Your instructions. Make an exact copy of all the data, pictures excluded.

Data excerpt.

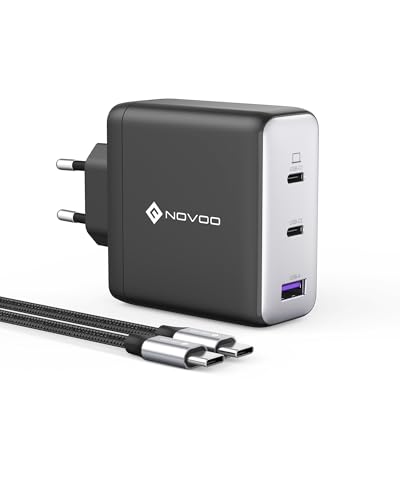 NOVOO 100 W Ladegerät USB C Schnellladegerät 120 W kompakt 3 Anschlüsse für MacBook Pro Air USB C Ladegerät GaN für iPhone Galaxy S23/S22 iPad Pro Mini Steam Deck von NOVOO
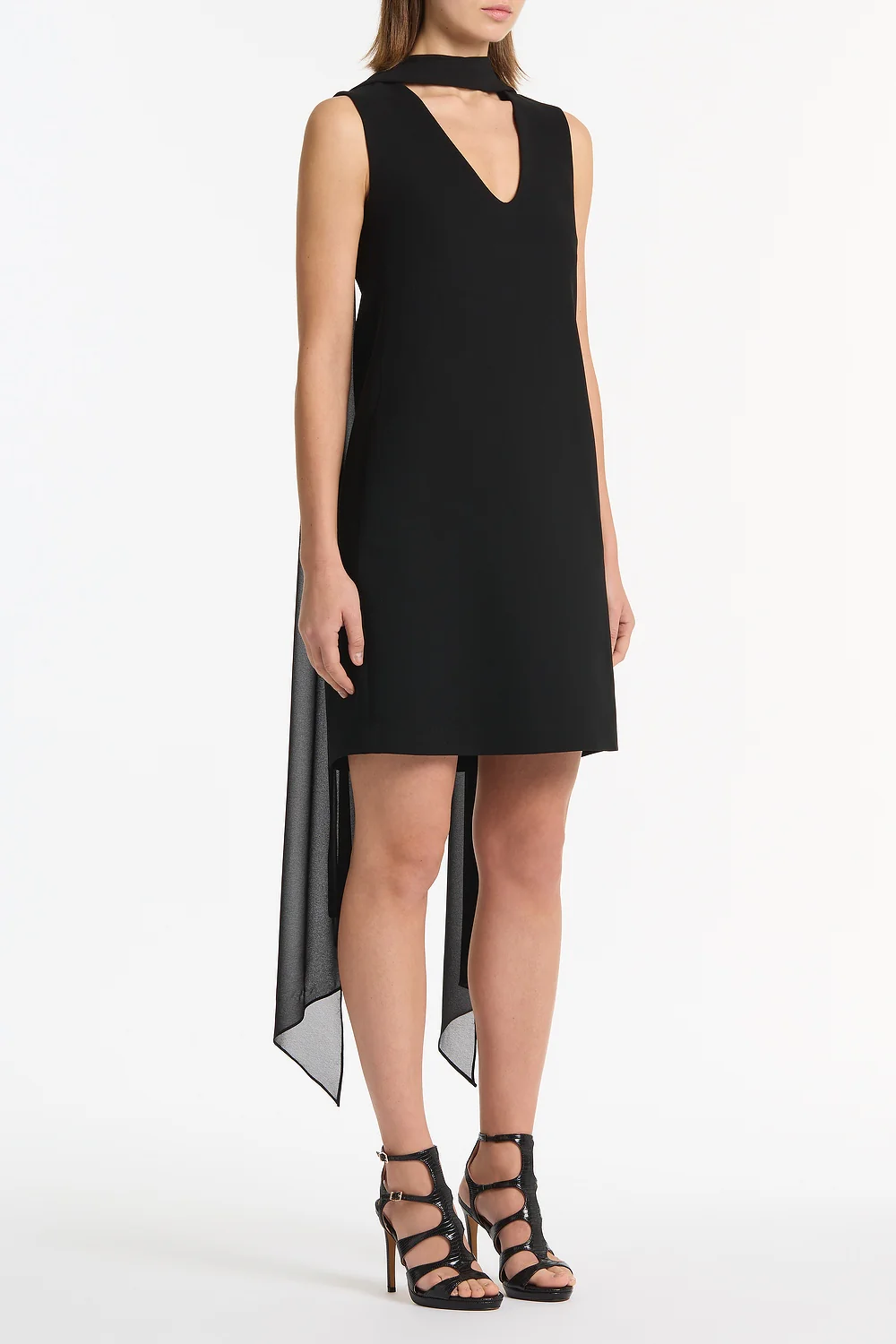 BLACK CREPE SCOOP NECK SHIFT DRESS - Image 4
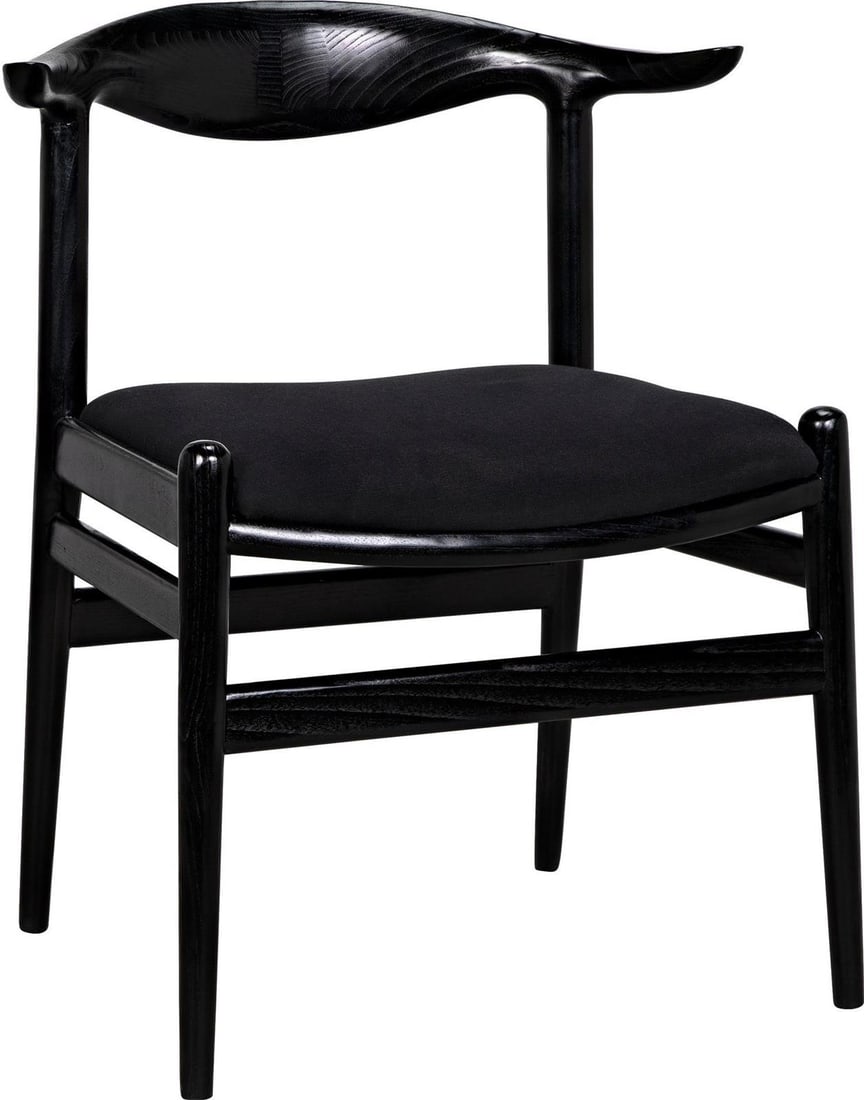 Boone Chair by Noir Black Charcoal Cotton Mindi Sungkai: Boone Chair by Noir Black Charcoal Cotton Mindi Sungkai Introducing the Boone Chair, where comfort meets tradition in a stunning design. This chair features a sleek black charcoal finish and is expert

Answer below.
 NOVOO 100 W Ladegerät USB C Schnellladegerät 120 W kompakt 3 Anschlüsse für MacBook Pro Air USB C Ladegerät GaN für iPhone Galaxy S23/S22 iPad Pro Mini Steam Deck von NOVOO
 BLACK CREPE SCOOP NECK SHIFT DRESS - Image 4
 Boone Chair by Noir Black Charcoal Cotton Mindi Sungkai: Boone Chair by Noir Black Charcoal Cotton Mindi Sungkai Introducing the Boone Chair, where comfort meets tradition in a stunning design. This chair features a sleek black charcoal finish and is expert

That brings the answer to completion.